There are many formal definitions of customer experience methods, programs and activities. The simplest is a systematic approach to discover and improve areas where customer interact with a business, and that, when considered collectively, create an overall level of satisfaction, perceived value and engagement with a business.
A program is more than a tool used in an ad-hoc fashion to gather data and feedback. A program has several key elements:
Sound Business Strategy. A program of any size must begin with a strategic plan. Decide what the objectives of the program are and establish a realistic plan with ties to something tangible.
Ongoing Activity. A program will have components that are always on and not just a one-time project.
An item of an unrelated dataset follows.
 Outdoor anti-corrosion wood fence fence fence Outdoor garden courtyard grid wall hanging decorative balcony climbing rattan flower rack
By setting up the right elements you can keep customer insight flowing to the right people and ensure that the right actions are happening to improve CX every day.
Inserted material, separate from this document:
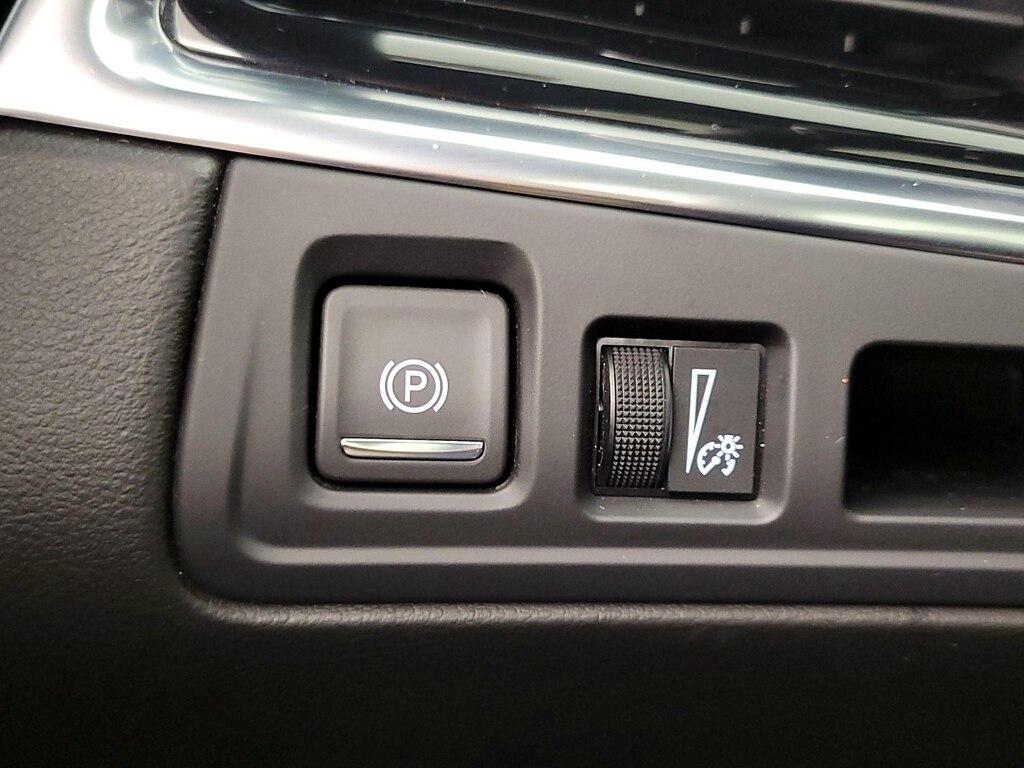 used 2025 Cadillac XT6 car, priced at $36,998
Internal and External Branding. Even if your program is small, give it a name and a brand—treat it like a product. Many practitioners report that the single most important item related to their program success is the personal time they took to meet with key influencers to explain the objectives and solicit support.
Survey and Operations Data. CX programs need solid customer data and insight to drive the right decisions and improvements. Programs should compile existing data with customer feedback to create a consolidated and holistic view of the customer. The end result will be a newfound ability to connect with customer perceptions and behaviors to understand what your organization should do to improve.
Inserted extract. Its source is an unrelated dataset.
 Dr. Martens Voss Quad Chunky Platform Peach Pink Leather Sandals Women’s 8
Real Customer Insight. The whole point of gathering data is not to collect more data. The goal is to create usable insights that drive change. Build on the positive and be clear about what is driving the negative.
Relevant Business Stories. One of the most important attributes of the best program leaders is that they are good at telling a story with data. People respond to, and remember stories. The simplicity of a good story will help get the attention of everyone at the company.
Employee Empowerment. It doesn’t do much good to have great insights if you never share them with anyone. Share insights fast, in real-time, and make them relevant to the person receiving them.
Clear Financial Linkages. The best programs have one common element: they show the impact to revenue or other meaningful outcomes that matter to the company. Usually revenue is a valued outcome. Be creative, and get your finance team involved. If you can relate your program to the language of revenue your success will skyrocket.
Executive and Employee Engagement. The final key element of a program is broad buy-in from across the organization. Make sure your executive team and even board understand and support your goals—then, regularly report back on your progress, outcomes, and next steps. Help everyone understand what the program means to them and regularly share success stories from the field to highlight and reinforce engagement in the program.
Every business should have some way to monitor the customer experience. An automated CX program gathers data without manual intervention and produces the right kind of insights that will accelerate the success you desire.